# Finding the Regular Mean in Geometry

By Kathleen Knowles, 18 Jul 2020

Mathematics is like any other language. To work in it, you need to first understand a particular set of definitions and rules. That's why when faced with a phrase like "find the regular mean in geometry," step back and look at the language. In this case, we have three different words to interpret: regular, mean, and geometry.

## Key Words

**Regular** refers to a regular polygon with a unique set of attributes, not the typical definition of "normal." Whenever you see "regular" in mathematics, it is about a **polygon**.

- All sides are equal in length
- All angles are equal in degree

Typically, people think of squares. They are not wrong, but there are other polygons than can be regular: triangles, pentagons, and hexagons, for example. There are also **regular polyhedrons.** These are three-dimensional polygons such as cubes, tetrahedrons, and octahedrons. A polyhedron is regular when all its faces are regular polygons.

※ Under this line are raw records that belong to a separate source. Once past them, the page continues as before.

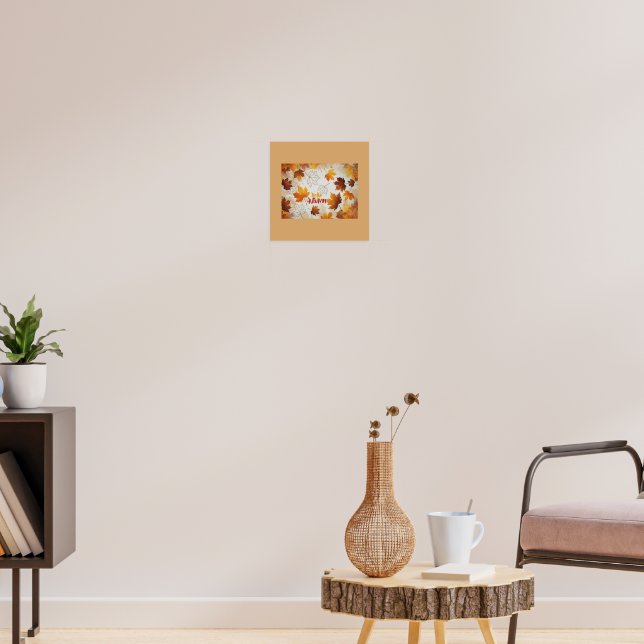 Minimalistisches "Hello Autumn" Wall Art Poster -  (Wohnzimmer 3)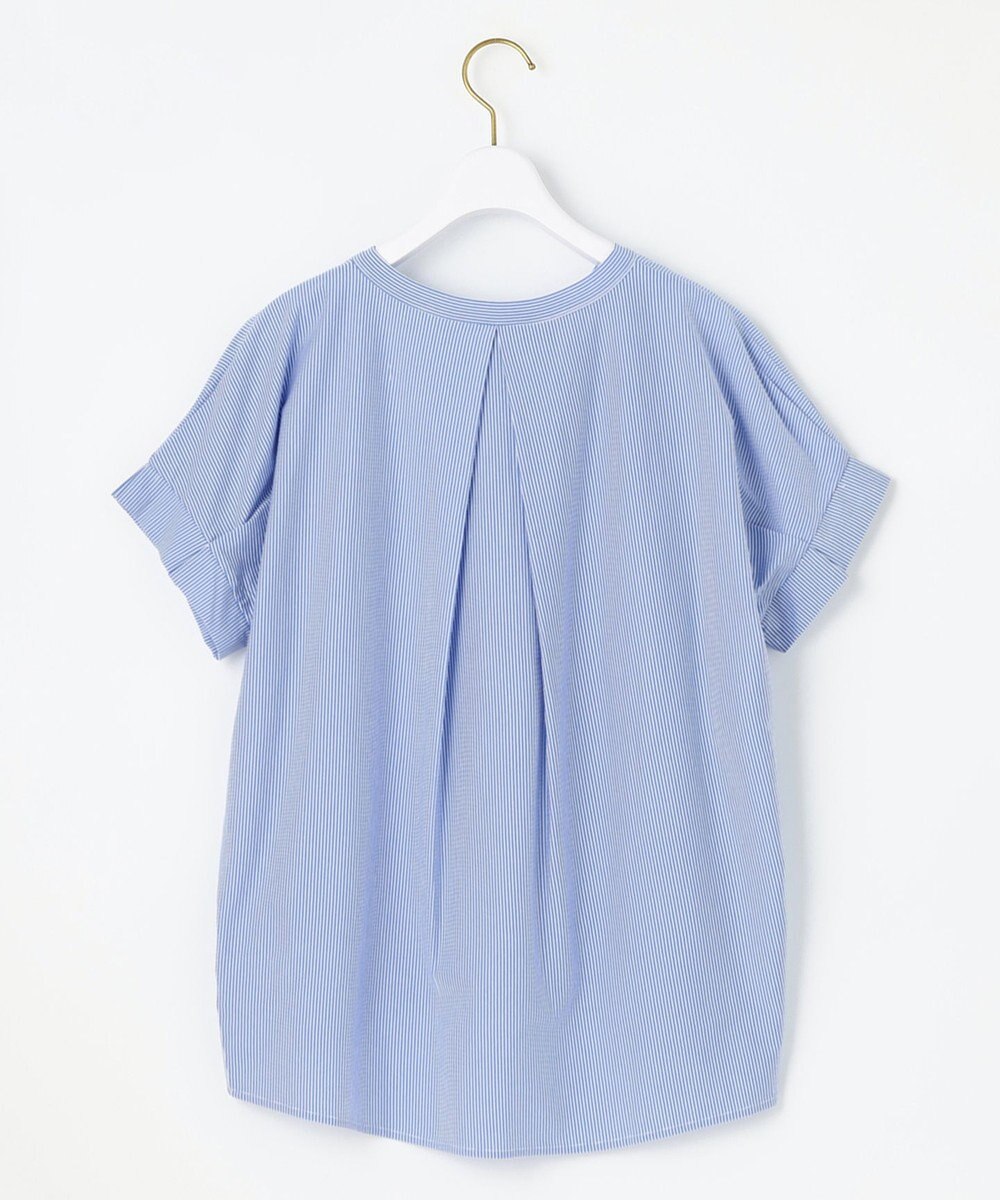 ANY SIS S シルケットストライプ スキッパー カットソー 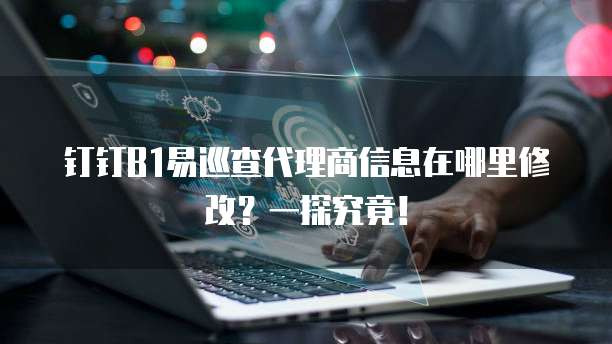 钉钉B1易巡查代理商信息在哪里修改?一探究竟!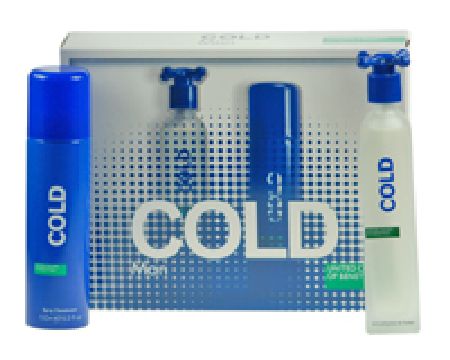 Benetton Cold Eau de Toilette 100ml Gift Set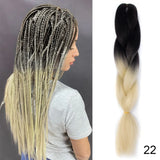 24Inch Synthetic Hair Extensions for Braids 100g/pc Jumbo Braiding Hair Kanekalon Colored Hair Pre Stretched Yaki Jumbo Braids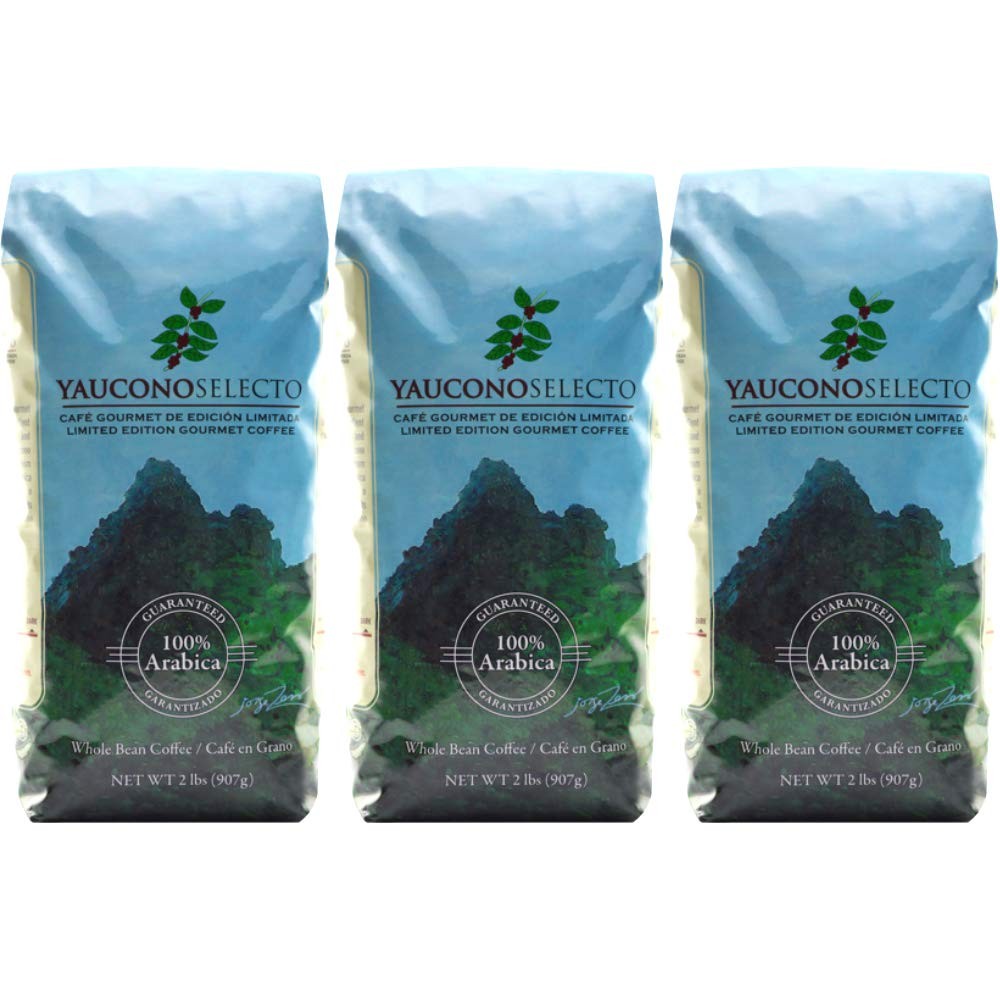 Selecto Limited Edition Gourmet Whole Bean Coffee Bag, 2 Pound (Pack of 3)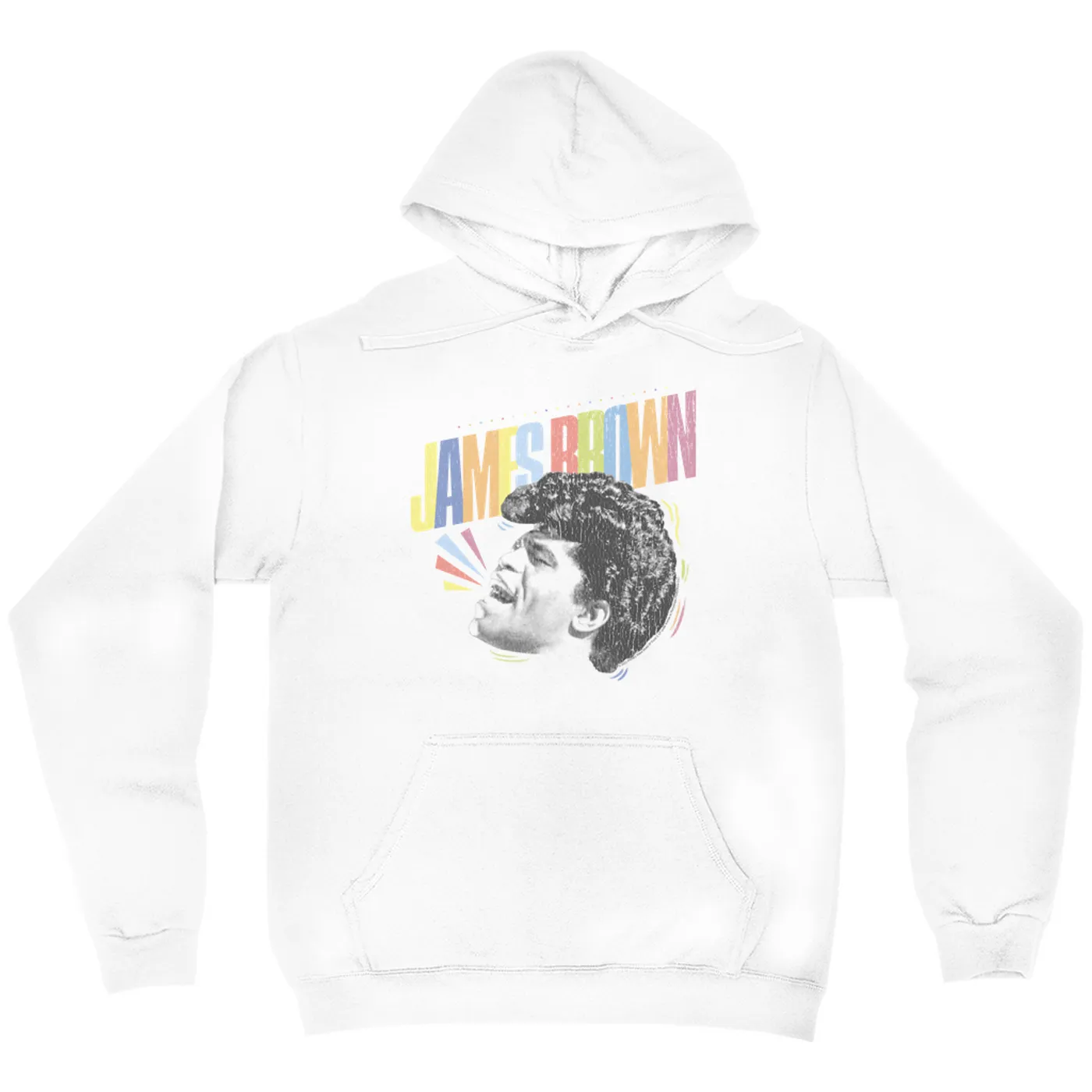 James Brown Hoodie | Say It Loud Pastel Colorful Design James Brown Hoodie
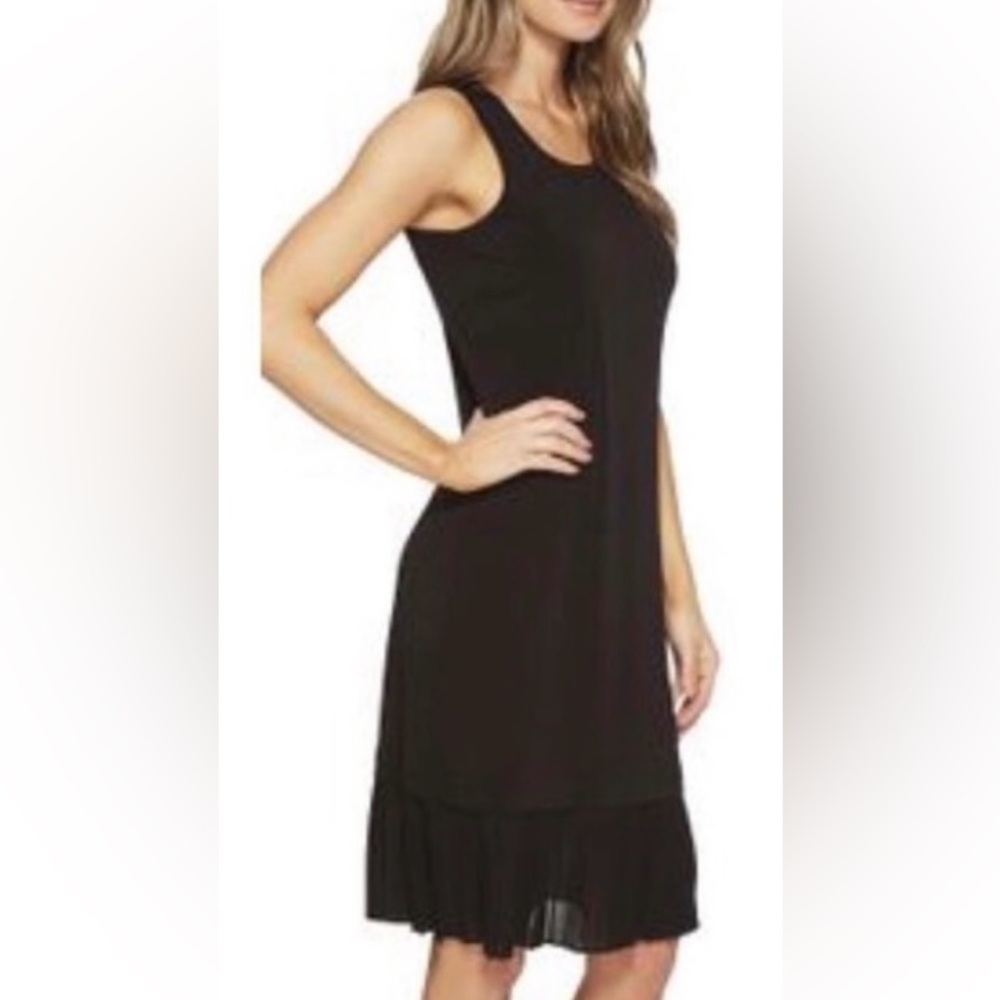 Michael Kors Black Classic Sleeveless Pleated Hem Dress NWT NEW Size Medium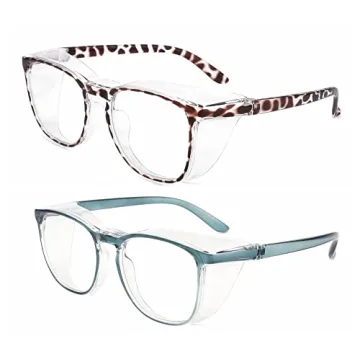 Alsenor Safety Glasses with Anti-Fog UV Protection 2-Pack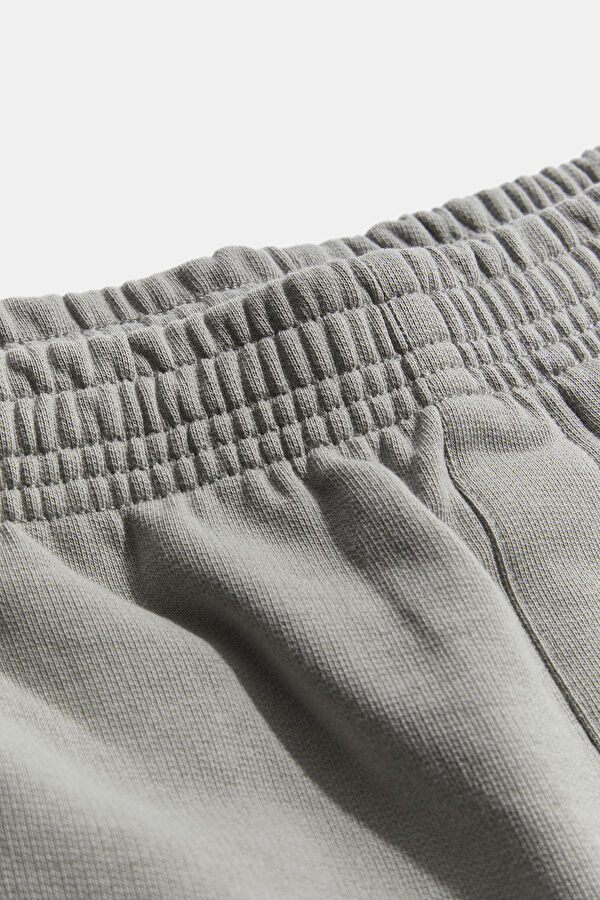 Gray Printed Organic Cotton Shorts 3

**Mean** is another way of writing "average." When paired with **geometry**, it clues us in that we are working in geometric dimensions as opposed to arithmetic. You will be finding the **geometric mean**.

For this particular topic, we will learn how to find the geometric mean of an **irregular polygon** and an **irregular polyhedron**. This way, you will better understand what makes a regular polygon and how to form one from an irregular polygon using geometric mean.

## When and Why Use Geometric Mean

Unless specifically asked on a test, quiz, or by a teacher, different real-life situations require you to use the geometric mean. When it comes to mean, however, there are two different options: arithmetic and geometric. Understanding when to use the arithmetic mean can significantly help you figure out when to use geometric mean.

### Arithmetic Mean

When finding the arithmetic mean, we are finding the average on a number line. This number line is generated with a low number, high number, and frequently, other values that fall in between. These numbers are added up and divided by the total amount of numbers on the line.

The formula for arithmetic mean is (*A+B)/2*.

The underlying question we are asking ourselves when finding the arithmetic mean is what number would each value (*A* and *B*) have to be to add up to the original total of *A+B*?

**Example: **

*6+12=18*

*18/2=9*

To prove our question, we take the mean and add it twice to make our original total before division.

*9+9=18*

### Geometric Mean

The geometric mean is used to calculate growth. We would use geometric mean not when something is added to find a total, but rather multiplied to find a product.

The standard formula for geometric mean is *√(AB)*.

In other words, we are finding the square root when provided with two values, the cubed root when dealing with three values, etc. We can also apply the same question used for the arithmetic mean but replacing addition terms with multiplication terms.

Geometric mean is commonly used to calculate investment growth. Say you have investments that grow by three different values over three consecutive years. Your investments changed according to different interest rates (multiplication). You now want to replicate that exact pattern of growth. You'll have to find out what the interest rate would have to be every year to recreate this pattern using the geometric mean.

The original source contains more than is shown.